Alaska is renowned for many things; big mountains, big rivers, and big Salmon to name a few. In fact Alaska has many, many of each. The Copper River is one such crick, born of the glacier and thrust knowingly towards a great and mighty sea to the south. It’s waters fast, deep, silty and cold; all the hallmarks of a great and fearsome Alaskan River. Being the tenth largest river in the United States, it is also home to one of the greatest Salmon runs in the world, and in a place festering with mighty river’s running full of the hardest working fish in North America, that’s saying something.
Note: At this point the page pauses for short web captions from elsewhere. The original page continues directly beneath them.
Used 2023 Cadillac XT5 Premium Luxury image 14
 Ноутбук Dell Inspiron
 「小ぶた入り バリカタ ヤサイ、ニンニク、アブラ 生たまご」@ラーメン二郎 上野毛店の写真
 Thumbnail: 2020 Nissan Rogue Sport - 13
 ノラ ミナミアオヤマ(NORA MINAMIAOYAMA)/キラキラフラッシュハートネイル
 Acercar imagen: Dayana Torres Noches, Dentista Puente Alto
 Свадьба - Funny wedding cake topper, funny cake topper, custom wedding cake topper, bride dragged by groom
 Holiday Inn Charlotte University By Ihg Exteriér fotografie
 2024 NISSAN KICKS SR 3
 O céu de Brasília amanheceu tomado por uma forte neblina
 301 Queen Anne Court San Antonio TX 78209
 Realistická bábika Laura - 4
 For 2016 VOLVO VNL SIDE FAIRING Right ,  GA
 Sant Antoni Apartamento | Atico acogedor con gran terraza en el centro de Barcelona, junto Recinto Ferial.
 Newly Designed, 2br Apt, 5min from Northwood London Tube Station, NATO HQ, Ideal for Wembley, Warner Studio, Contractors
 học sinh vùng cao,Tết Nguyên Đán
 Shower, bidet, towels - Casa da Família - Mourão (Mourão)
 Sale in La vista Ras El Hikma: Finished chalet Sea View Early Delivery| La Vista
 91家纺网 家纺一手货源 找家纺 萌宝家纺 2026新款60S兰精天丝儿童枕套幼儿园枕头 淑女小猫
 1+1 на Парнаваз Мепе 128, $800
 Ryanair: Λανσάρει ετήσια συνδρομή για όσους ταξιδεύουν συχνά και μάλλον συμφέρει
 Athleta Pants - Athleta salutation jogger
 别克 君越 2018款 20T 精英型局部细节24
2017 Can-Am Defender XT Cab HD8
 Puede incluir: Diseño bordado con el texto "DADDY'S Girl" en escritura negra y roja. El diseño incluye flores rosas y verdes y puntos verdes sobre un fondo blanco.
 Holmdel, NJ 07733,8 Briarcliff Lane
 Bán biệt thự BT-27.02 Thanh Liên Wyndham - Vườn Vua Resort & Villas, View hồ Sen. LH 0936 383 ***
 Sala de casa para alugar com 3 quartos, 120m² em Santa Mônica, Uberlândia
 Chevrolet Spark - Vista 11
July and early August are the time of Red Salmon or Sockeye as it is known; to me, the very tastiest of all Salmon’s. Theses beautiful fish congregate in large numbers at the mouth of the Copper, near Cordova, at the Gulf of Alaska. Over the course of a few short weeks, they swim, upriver, in search of their ancestral spawning grounds, to the place of their birth, to continue the cycle of life. Along the way, people have been harvesting these fantastic creatures for sustenance for thousands of years.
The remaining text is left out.